Ways to Conquer Rhythm

In a previous post I talk about how important it is to conquer rhythm. Music needs to be performed within a time frame. To ensure the music has the greatest effect, the performer needs to have a command of how the rhythm effects the performance.
When working on some of the basic rhythmic forms with children, 4/4 and 3/4, having them clap out a steady pulse while you sing the melodic line can help them understand how the two elements of music work together. Then switch roles and have them sing while you clap.
Once they have a steady rhythm mastered, try having them sing in time with your clapping as you slow down or speed up the tempo. Talk to them about the importance of stress points in the music.
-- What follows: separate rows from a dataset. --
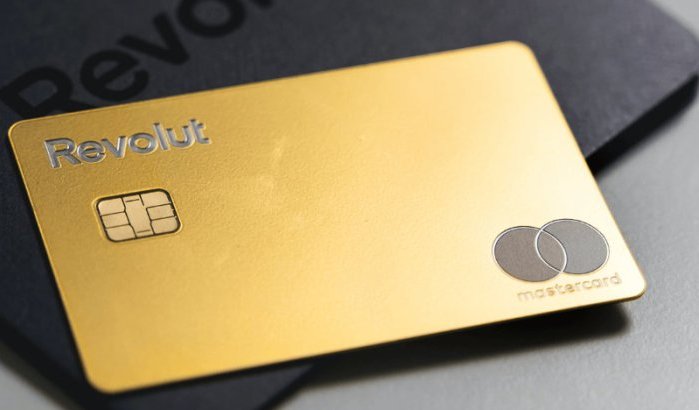 Revolut mikt op Marokkaanse diaspora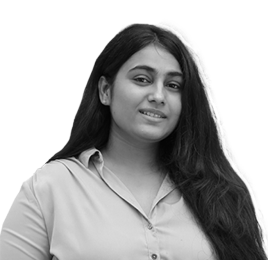 shruti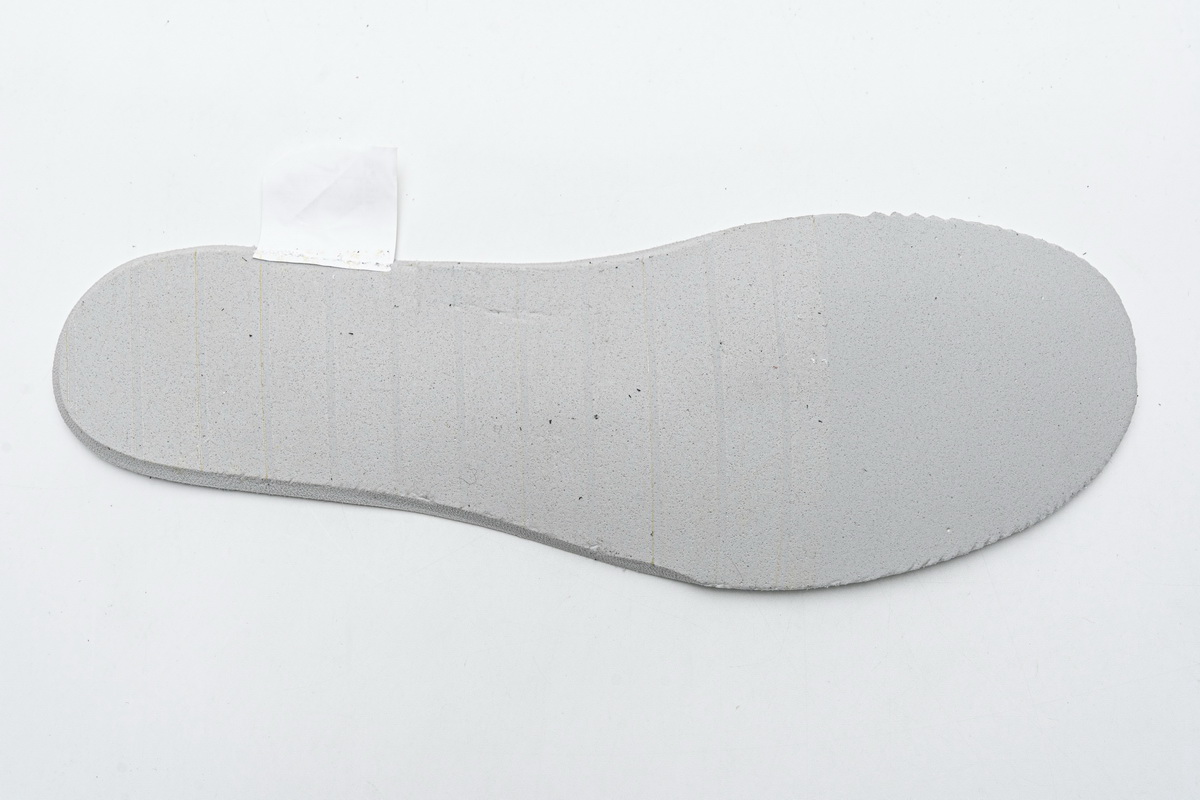 Sacai x Nike Pegasua Vaporfly Black White CI9928-001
In "Mary had a little lamb" there are stresses in the music on Mary and on the Lit in little. These need to line up with the clapping. If you're slowing down, they need to adjust the speed of their song to make sure these stress points line up with the clapping.
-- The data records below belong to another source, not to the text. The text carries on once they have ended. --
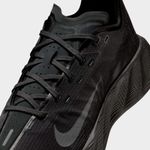 NIKE AVA X-1785445121415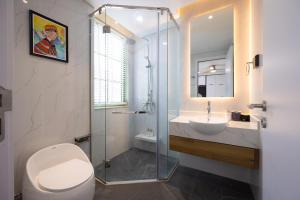 Fortune Villa Phu Quoc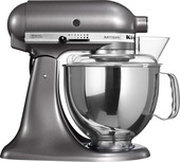 KitchenAid 5KSM150PSEMS фото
A more advanced form of the same technique is using a metronome. Music by Elliott Carter, which often has unusual subdivision which can't easily be deciphered by our brains. Using a metronome, slow the tempo to where you can 'see' the subdivision in graspable elements.
A group of seven eighth notes in the space of two quarter notes is difficult, particularly if the tempo is a quarter note at 120 or more. Slow the process down to where you can successfully play the rhythm. Get to the point where you no longer have to think about 7 in space of 8, then speed up the tempo. Eventually you'll get to the point where you can play the correct rhythm at the correct tempo.
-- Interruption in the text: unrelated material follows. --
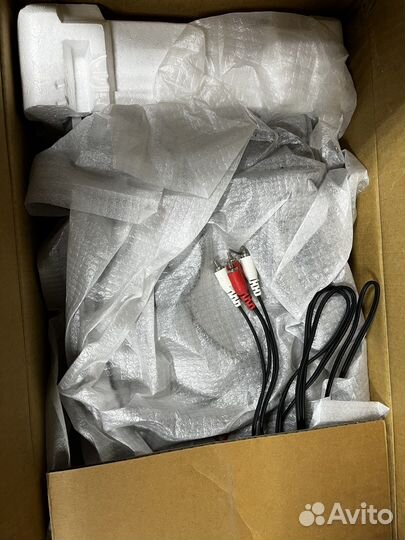 Dvd проигрыватель samsung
If, this doesn't work, take two metronomes and place them at different speeds. This requires some math (and possibly digital metronomes). At a quarter note = 120 there are 240 eighth notes in a minute. There would only be 210 if they were divided into 7's. Set one metronome to 120 and the other to 105. Start them at the same time and focus on the metronome set to 105. That's the rhythm your notes are at, while the 120 speed is the actual flow of the music.
These are just a couple of techniques, but determined practice will greatly improve your ability to play music in time.
One of the greatest experiences I had in terms of rhythmic development was taking a class in North Indian Kathak Dance. Initially we just learned to sing and tap with our fingers a basic rhythm. But eventually, we were singing one rhythm, moving our hands to a second and our feet to a third - and this was a basic course in Kathak Dance. What I learned is the possibility for my mind to actually process all these different rhythms together and keep them inline with the over-all flow of the music. I'm no dancer, but with work, the poly-rhythmic nature of the music was possible for even someone with two left feet.


Jess Albertine said…
It's interesting to hear the perspective of older orchestral musicians about rhythms like 7 in the space of 8. When I had to play them as a performance major, my professor would never have told me to make sure they were absolutely precise. She'd say that the point of the unusual rhythm was to be irregular, and stylistically if you play irregular things with metronomic precision they can sound really dry. So her advice was just to make sure you fit all the notes in the allotted space, taking as much time for each note as you can, making them as equal as possible with practice. The effect is pretty much the same, but the mindset I think is very different. I'm not sure whether it's a generation gap or what, but it is interesting.
Chip Michael said…
I think it depends on the music. NEVER should I suggest you play Carter irregular. His music requires a precision to make all the pieces fit together.

On the same note, Larson's music is more rubato, so the number of notes fitting into a certain space is less about precise moments, are more about the overall feeling.

There are times in my own music when the precision isn't required, but other times when it is. I believe the performed has to be able to play it precise and can then judge whether or not to be flexible.